• _WHAT THE TASK ASKS_:
Please write out exactly the line containing "2 of 53 - 580 Ninth St, Nanaimo, BC" below and every line after it, through the last one, but leave out any pictures.
──────────
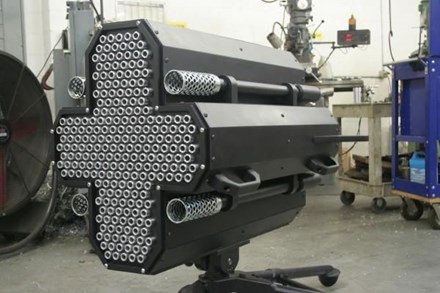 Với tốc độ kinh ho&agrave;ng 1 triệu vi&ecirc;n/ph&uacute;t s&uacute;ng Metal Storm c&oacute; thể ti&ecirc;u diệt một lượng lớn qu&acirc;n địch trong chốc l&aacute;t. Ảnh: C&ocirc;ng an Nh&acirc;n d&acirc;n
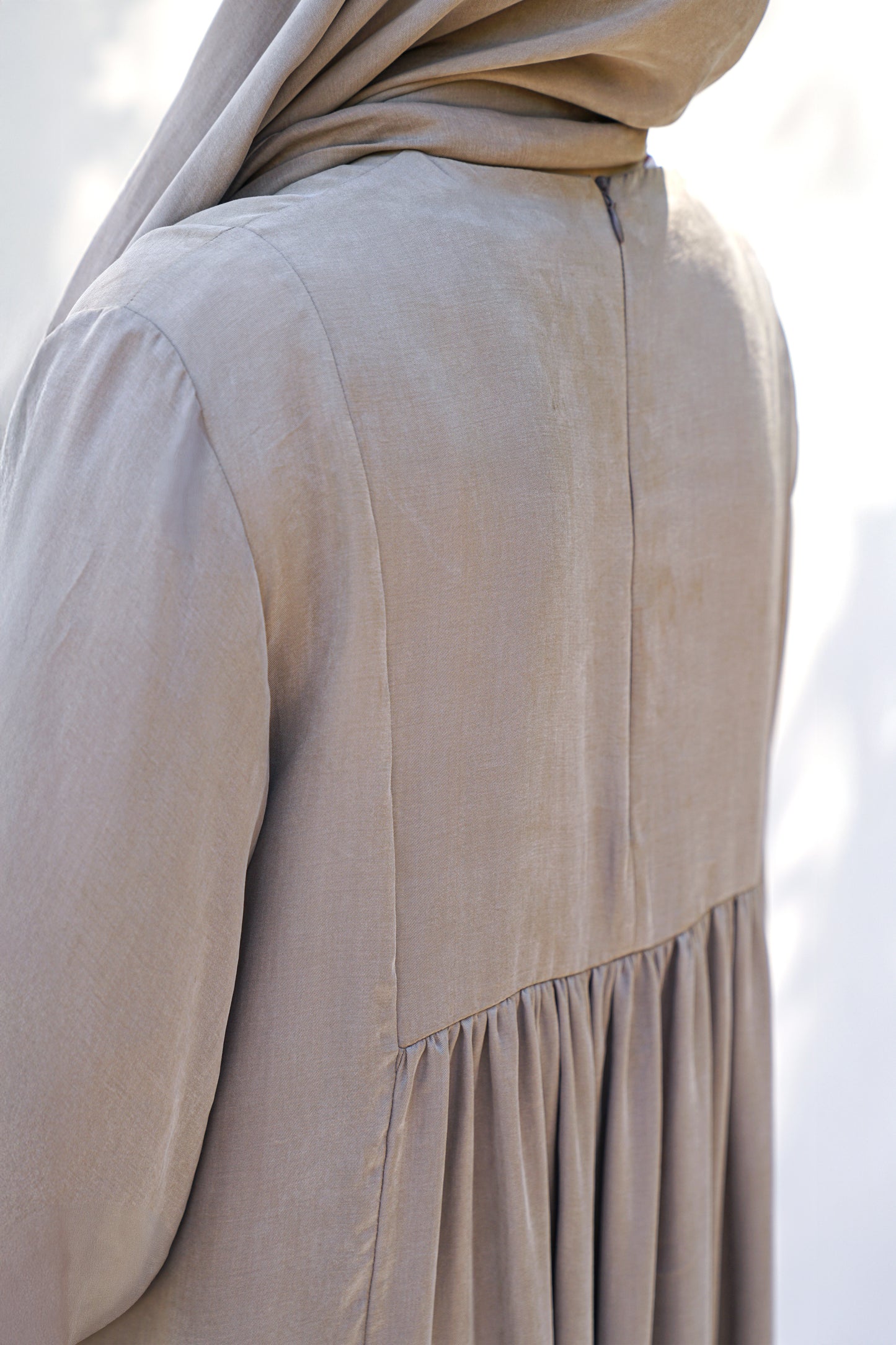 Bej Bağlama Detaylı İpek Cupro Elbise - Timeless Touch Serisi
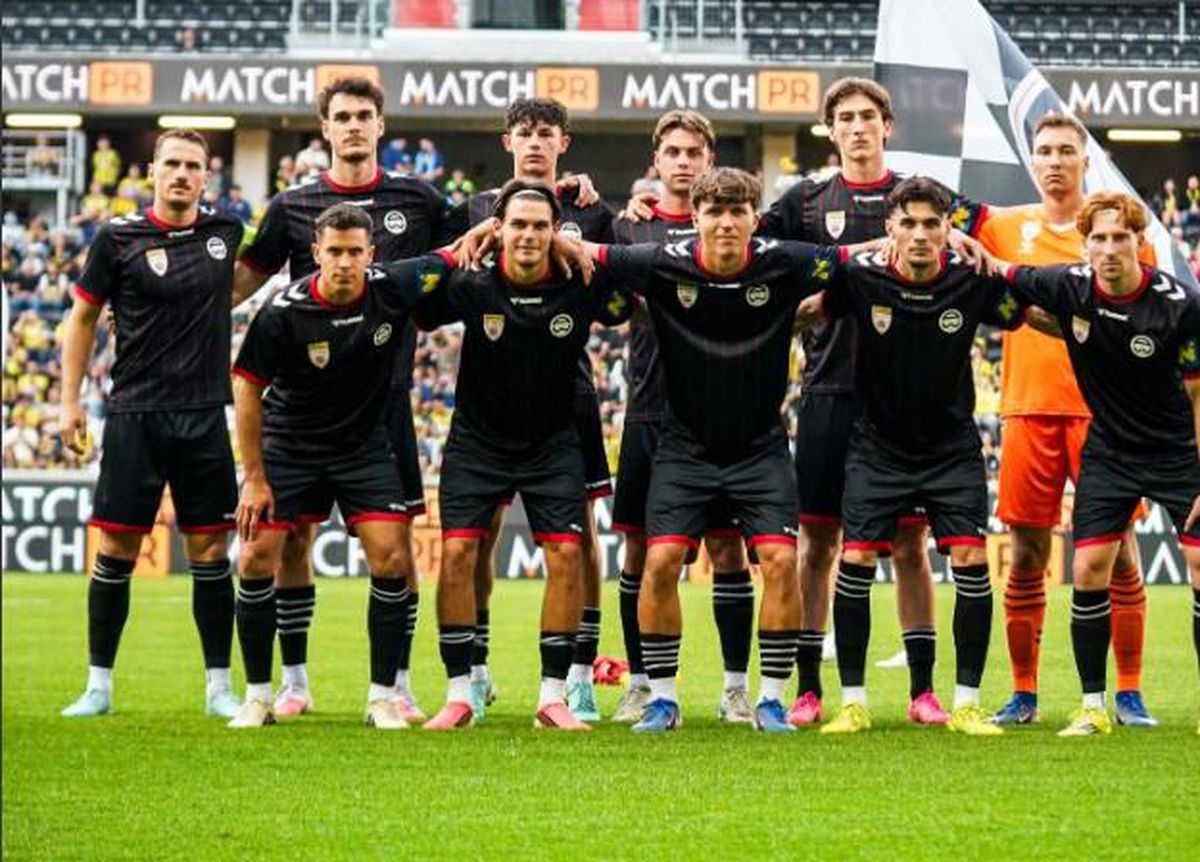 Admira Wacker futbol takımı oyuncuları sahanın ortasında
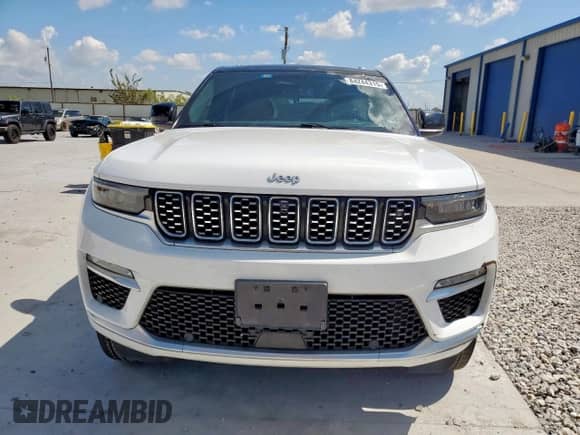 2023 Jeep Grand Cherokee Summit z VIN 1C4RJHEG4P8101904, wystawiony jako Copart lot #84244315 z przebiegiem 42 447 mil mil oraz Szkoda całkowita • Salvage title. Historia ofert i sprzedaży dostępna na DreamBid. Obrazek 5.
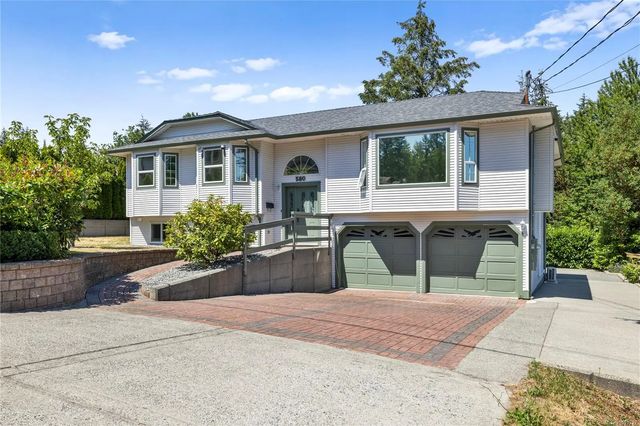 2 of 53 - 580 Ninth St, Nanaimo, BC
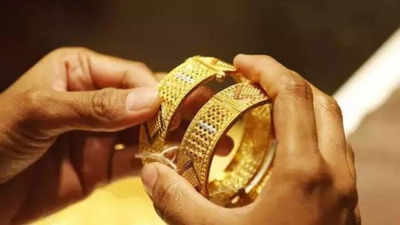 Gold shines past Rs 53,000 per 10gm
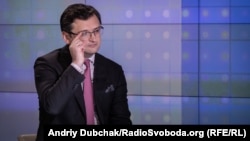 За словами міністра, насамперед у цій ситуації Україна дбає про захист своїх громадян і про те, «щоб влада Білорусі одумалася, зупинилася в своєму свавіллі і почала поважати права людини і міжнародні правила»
──────────
• _SOLUTION TO THIS PROBLEM_:
 2 of 53 - 580 Ninth St, Nanaimo, BC
 Gold shines past Rs 53,000 per 10gm
 За словами міністра, насамперед у цій ситуації Україна дбає про захист своїх громадян і про те, «щоб влада Білорусі одумалася, зупинилася в своєму свавіллі і почала поважати права людини і міжнародні правила»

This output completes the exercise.